(Problem description) Output, word for word, the line that contains "Beige Carpet for" and all lines after it in the records below, omitting pictures.

(Data shown)
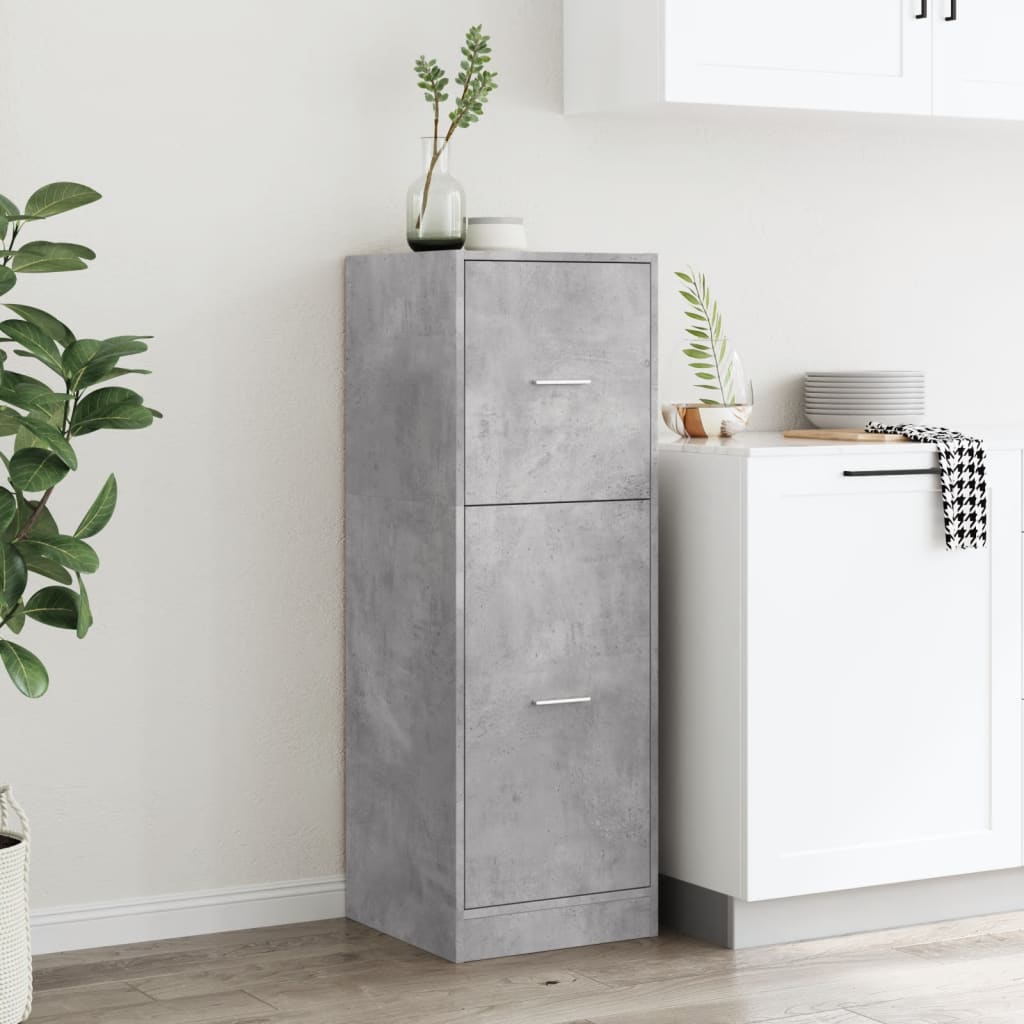 betonszürke szerelt fa patikaszekrény 40 x 41 x 118 cm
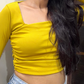 Mustard Yellow Side Elastic Ruched Crop Top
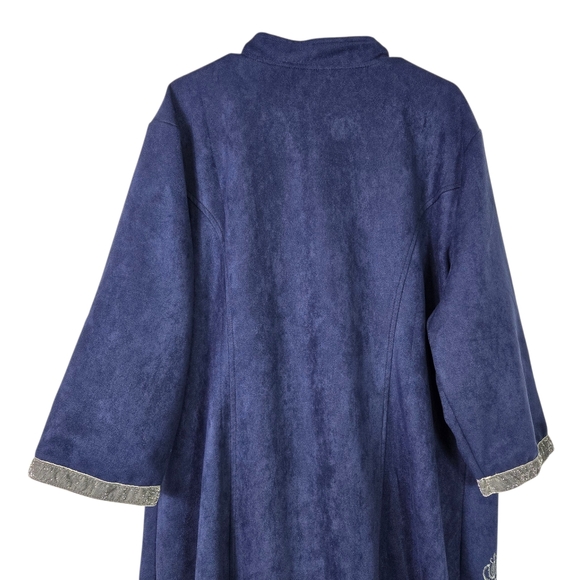 Indigo Thread Duster Coat Blue Embroidered Long Microsuede Longline Boho Plus 3X - Picture 11 of 14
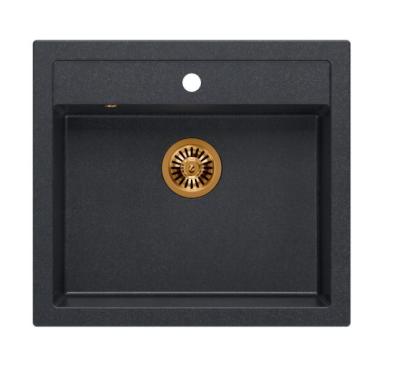 Quadri Farmhouse landlig indbygget eller påbygget granitvask antracit med kobberprop 595x540mm 1208967266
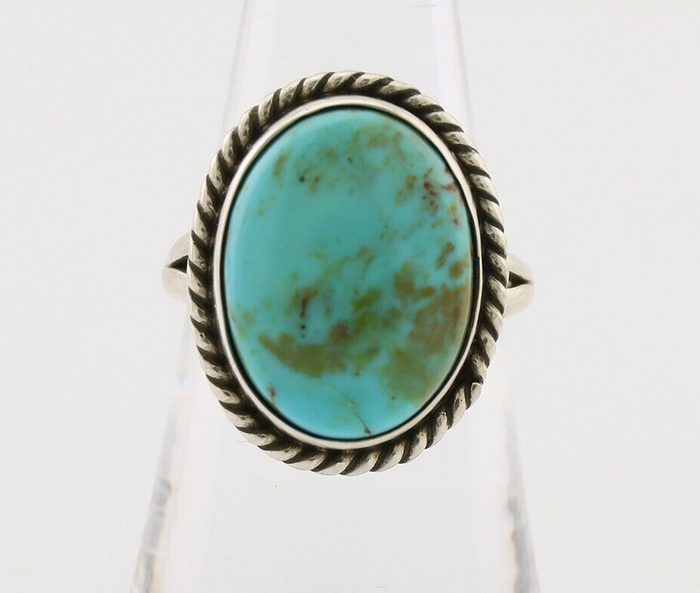 Navajo Ring 925 Silver Kingman Turquoise Native American Artist C.80's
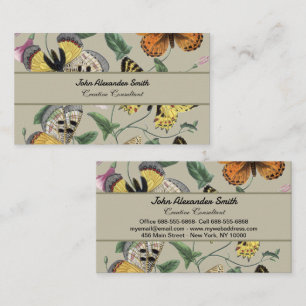 Tarjeta De Visita Arte Floral Botánico de Mariposa Polilla Vintage 1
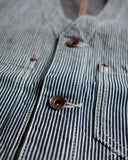 Iron Heart IHV-47-IND - 10.5oz Narrow Stripe Hickory Work Vest - Indigo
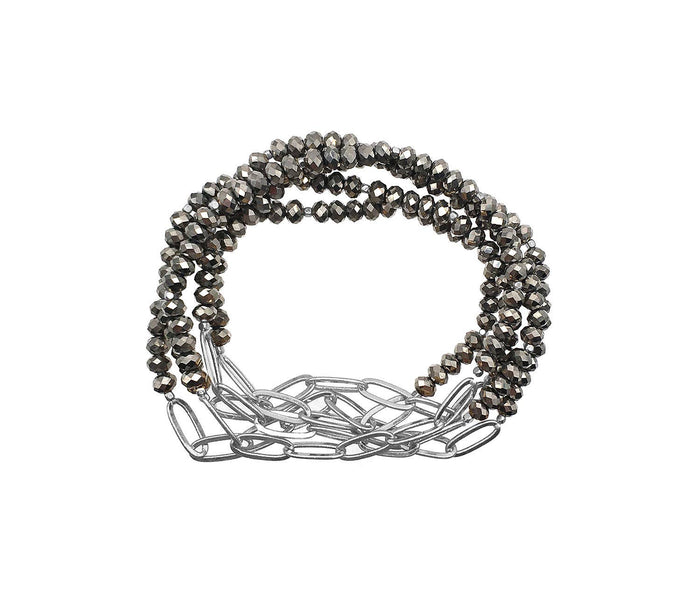 Honor Silver Hematite Bracelet-Lemons and Limes Boutique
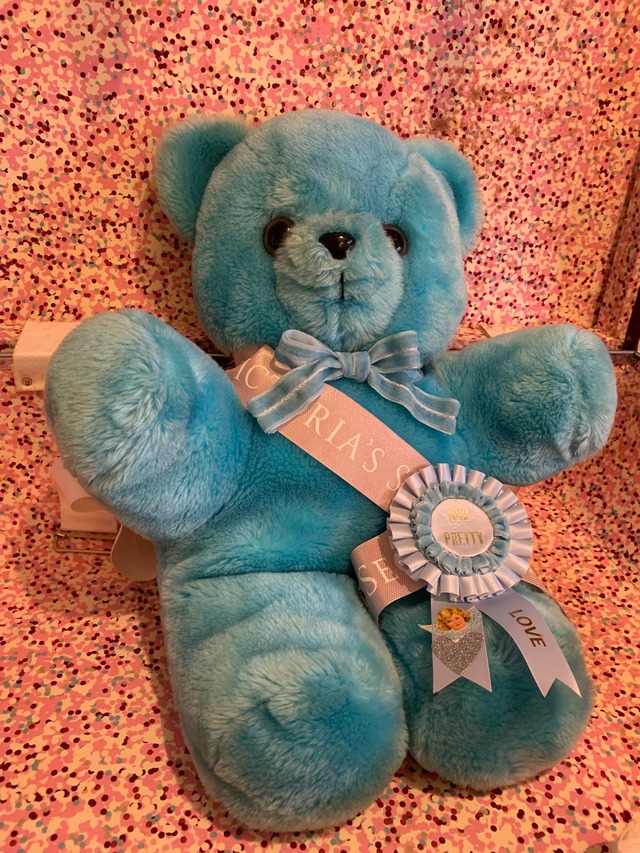 ブルーのヴィンテージテディベア (210808)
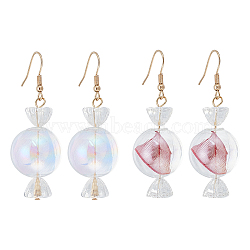 2 Pairs 2 Colors Lace Inside Glass Candy Ball Dangle Earrings, Golden Alloy Long Drop Earrings for Woman, Mixed Color, 56mm, Pin: 0.8mm, 1 Pair/color(EJEW-FI0001-15)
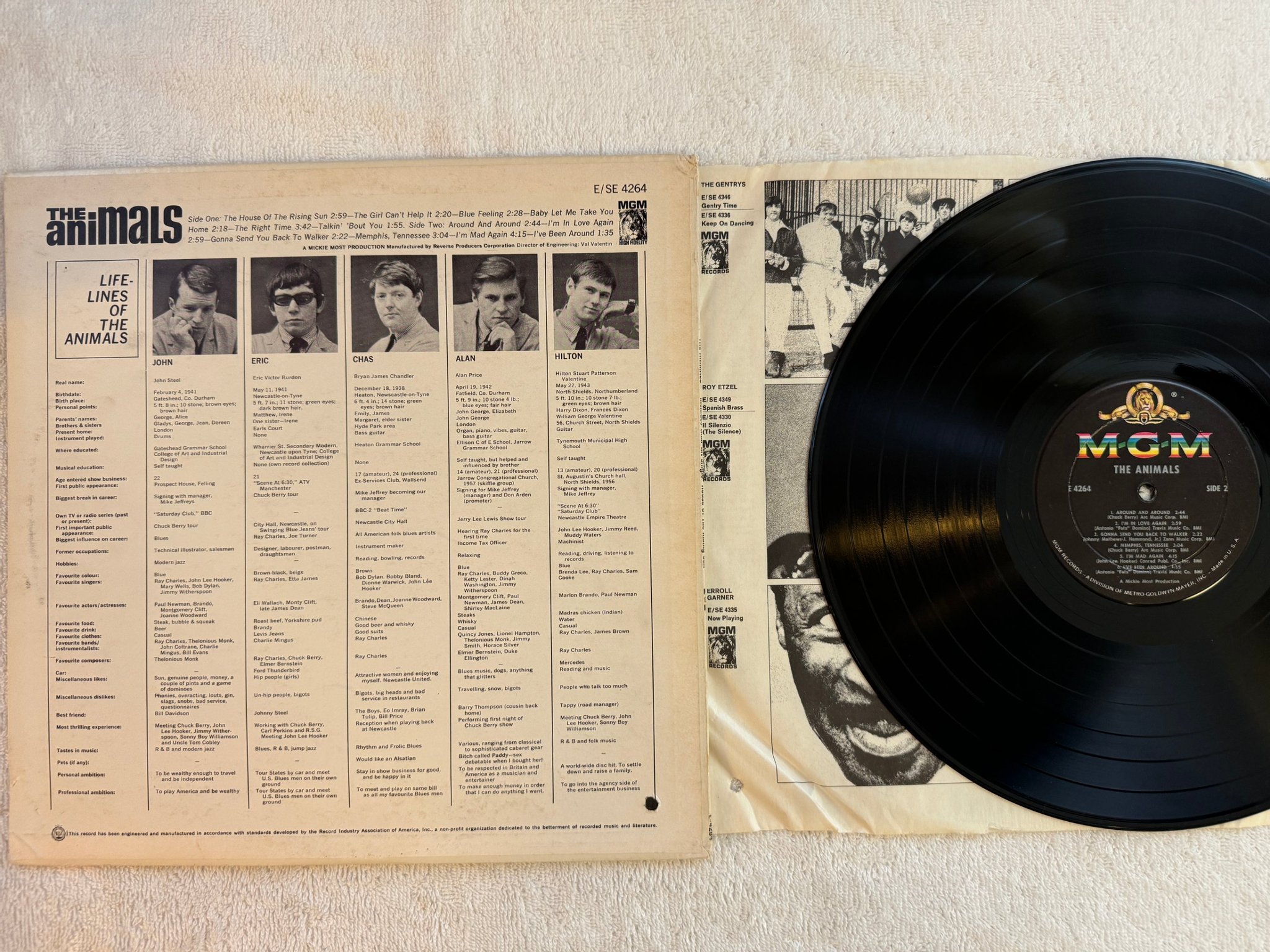 Omslagsbild för skivan THE ANIMALS s/t LP -64 US MGM E-4264 ** THE HOUSE OF THE RISING SUN **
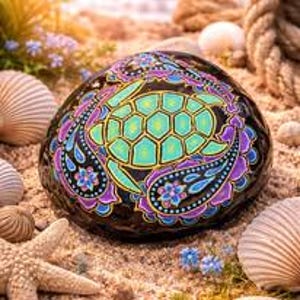 Puede incluir: Una piedra pintada a mano, de color marrón oscuro, con un diseño de tortuga marina. La tortuga está delineada en verde neón, con un patrón de panal en su caparazón. El diseño incluye patrones de cachemira morados y azules. La piedra está sobre arena con conchas.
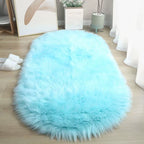 Beige Carpet for Bedroom Decor Soft Faux Sheepskin Living Room Rugs Fluffy Window Seat Cushion Haired Wool Kids Bedside Carpet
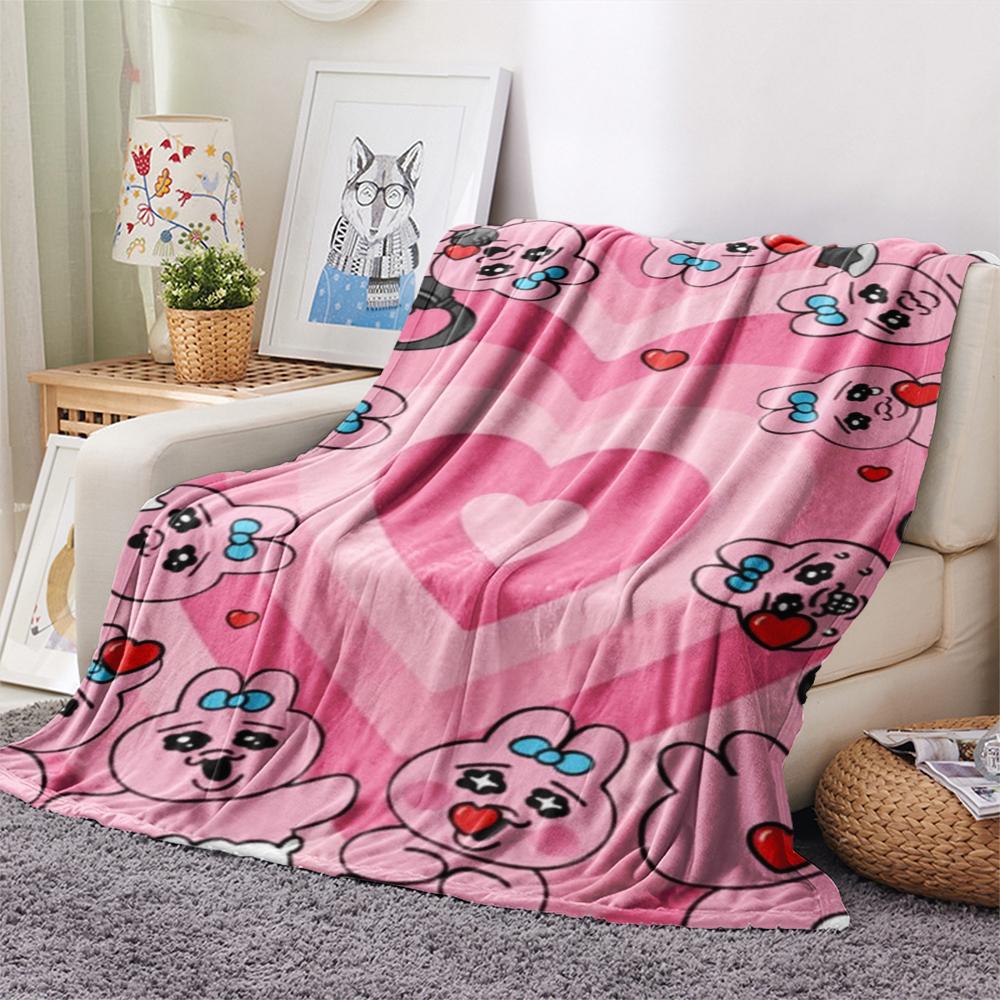 1PC Opanchu Usagi Print Flannel Blanket, High quality Comfortable for All Seasons, Home Decor, Warmth and Comfort, Perfect for Christmas Gifts104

(Expected answer)
 Beige Carpet for Bedroom Decor Soft Faux Sheepskin Living Room Rugs Fluffy Window Seat Cushion Haired Wool Kids Bedside Carpet
 1PC Opanchu Usagi Print Flannel Blanket, High quality Comfortable for All Seasons, Home Decor, Warmth and Comfort, Perfect for Christmas Gifts104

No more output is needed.